(『ゴッドファーザー伝説(ジョゼフ・ボナーノ一代記)』ビル・ボナーノ著から抜粋)
私は1965年になってから刑務所に入り、同年6月に釈放された。
釈放されてから数週間すると、ボナーノ・ファミリーが昔から持っている、ウィスコンシン州、アリゾナ州、カリフォルニア州、カナダのモントリオールの利権がどうなっているか、調べることにした。
ニュージャージー州のアトランティック・シティと、ネヴァダ州のラスヴェガスにも、賭博の利権があった。
私が活動を再開すると、アメリカ政府の邪魔はあったが、仕事を何とかこなせた。
ある日、部下のジョー・ナタロが「ハイチ政府の代理人が会いたがっている」と言ってきた。

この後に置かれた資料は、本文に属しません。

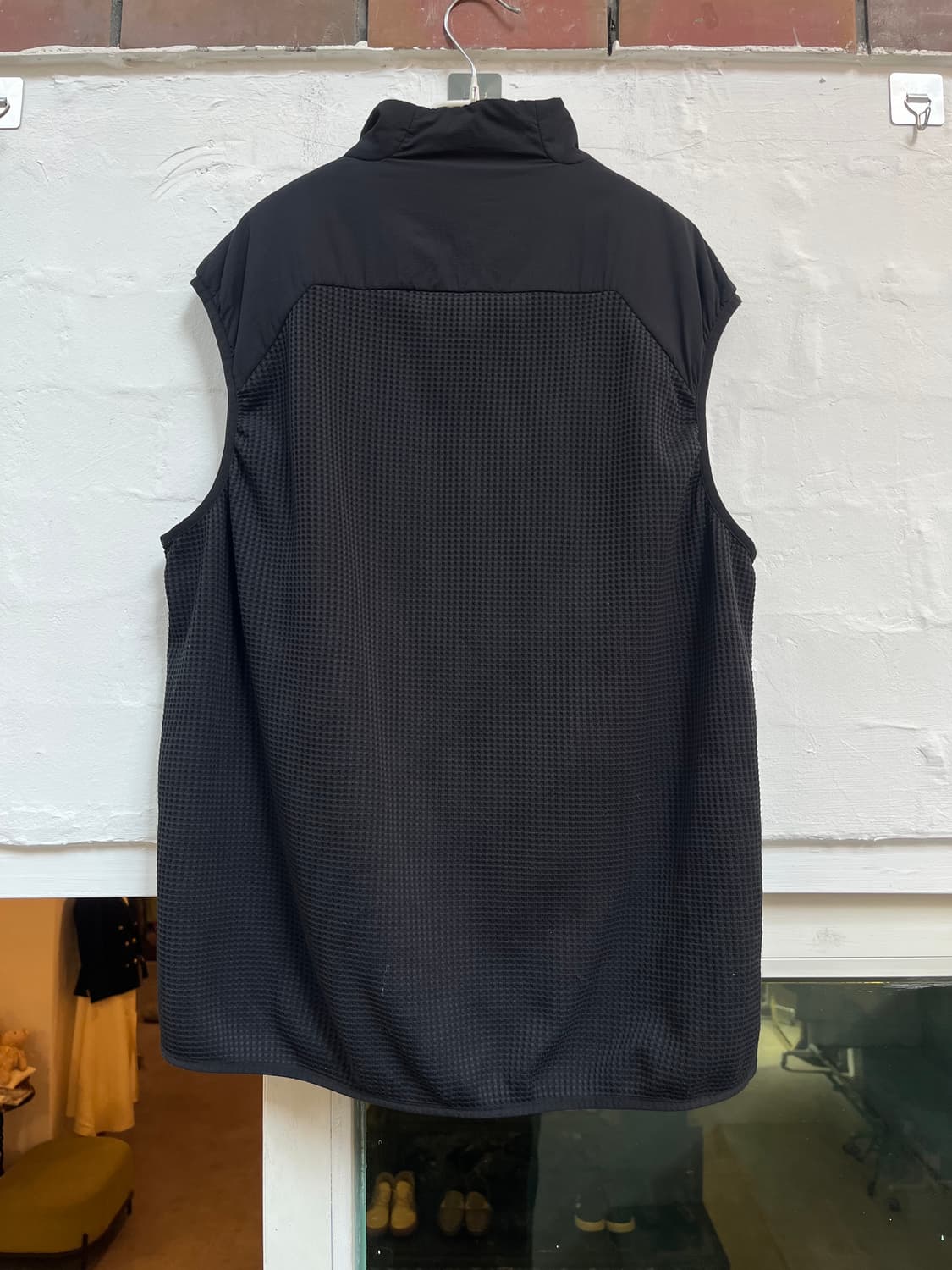 Patagonia x Google 나노-에어 라이트 조끼 L 상품이미지9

ハイチは、キューバなどと同様に、マフィアに冨をもたらしてくれる場所だった。
そこはキューバと違って、ボナーノ・ファミリーも進出していた。
(※ボナーノ・ファミリーはニューヨーク・マフィアでは珍しいことに、キューバには進出していなかった)
ハイチは、フランソワ・デュバリエの独裁政権の時代は、武器密輸、賭博、マネー・ロンダリング、コーヒー密輸の拠点だった。
しかしマフィアに対するアメリカ政府の方針が変わり、取り締まりを強化したため、マフィアはハイチでの仕事がうまく行かなくなっていた。

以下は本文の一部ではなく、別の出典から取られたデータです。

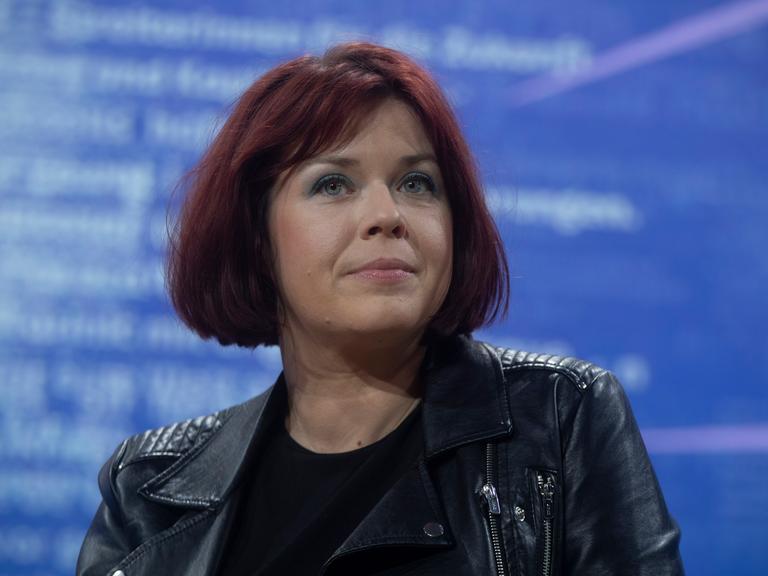 Portraitfoto von Mareike Fallwickl 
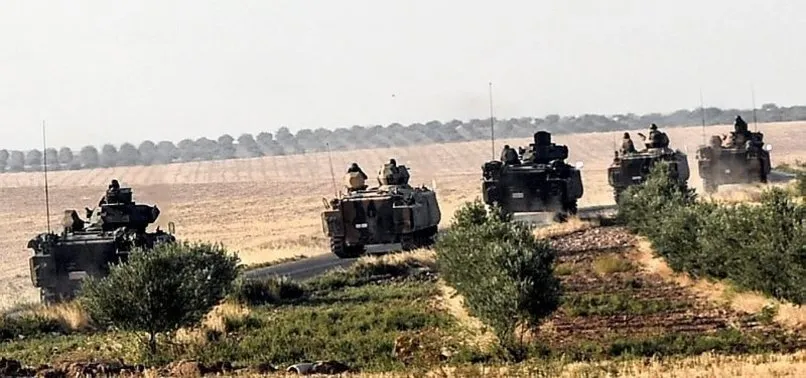 Son dakika: Taciz ateşinde bulunan 7 terörist etkisiz hale getirildi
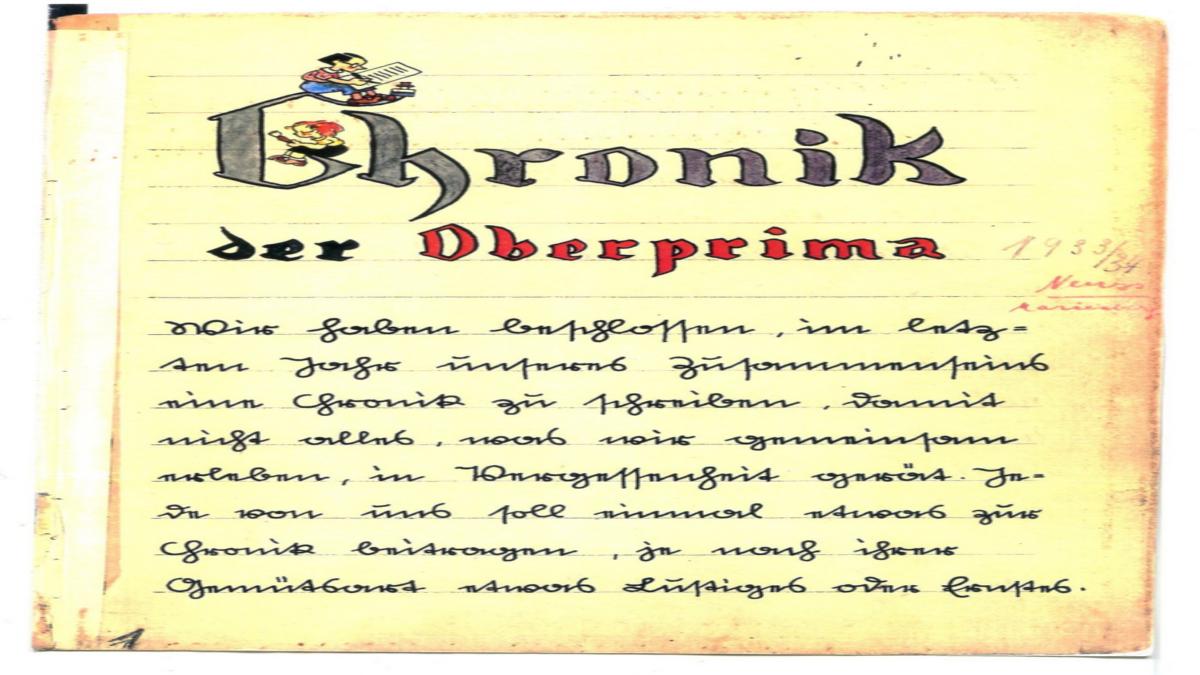 Oberprima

私がハイチからの使節団に会うと、彼らは「デュバリエはマフィアの各ファミリーが営んでいたカジノなどのビジネスを、再開させてほしいと願っています」と語った。
そこで私は、ヴィト・デフィリッポとジョー・ナタロを伴って、ハイチに赴いた。
ハイチの王宮に着くと、デュバリエ直属の警察(トントン・マコウテ)に取り囲まれ、デュバリエのオフィスへ案内された。

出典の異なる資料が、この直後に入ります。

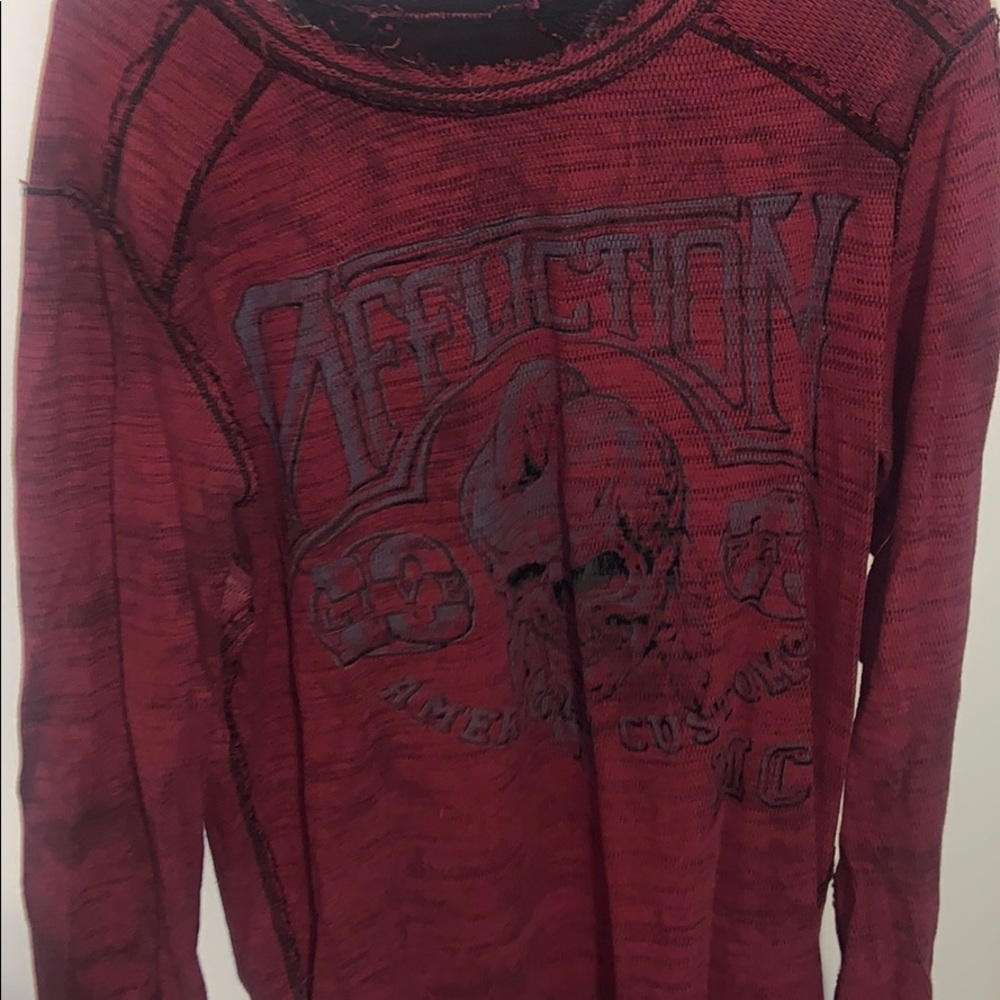 Affliction thermal *reversible*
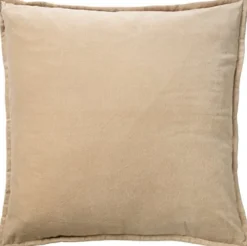 Best Dutch Decor Dekokissen Caith beige 50 x 50 x 22 cm Kissen|Dekokissen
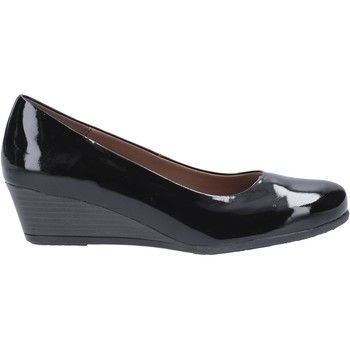 Nadone  women's Court Shoes in Black. Sizes available:4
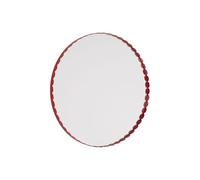 Hay - Miroir mural Rouge
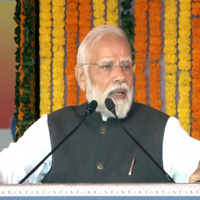 "Holy Pilgrimage sites are now connected through Vande Bharat network": PM Modi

デュバリエは私たちに、「歳入が減少している。賭博や売春から上がる、自分の取り分が少なくなっている。カジノ再開に必要なことは何でも自由にやってくれてかまわない」と言った。
さらに「コーヒー取引も復活させてほしい」と言った。
ハイチは、コーヒー栽培はしていないが、ベネズエラから密輸入していて、そこからアメリカへ積み出されていた。
長年にわたって、マフィアがそれを担当し、アメリカ政府の積極的な黙認によって、無税または低い関税でアメリカへ輸出していた。
デュバリエは、そのコーヒーの裏取引の取り分を得ていたのだ。
私は、「ビジネスを再開させるように計らい、部下をハイチに送り込むが、アメリカではベトナム戦争のエスカレートで先が見えなくなっている」と、デュバリエに話した。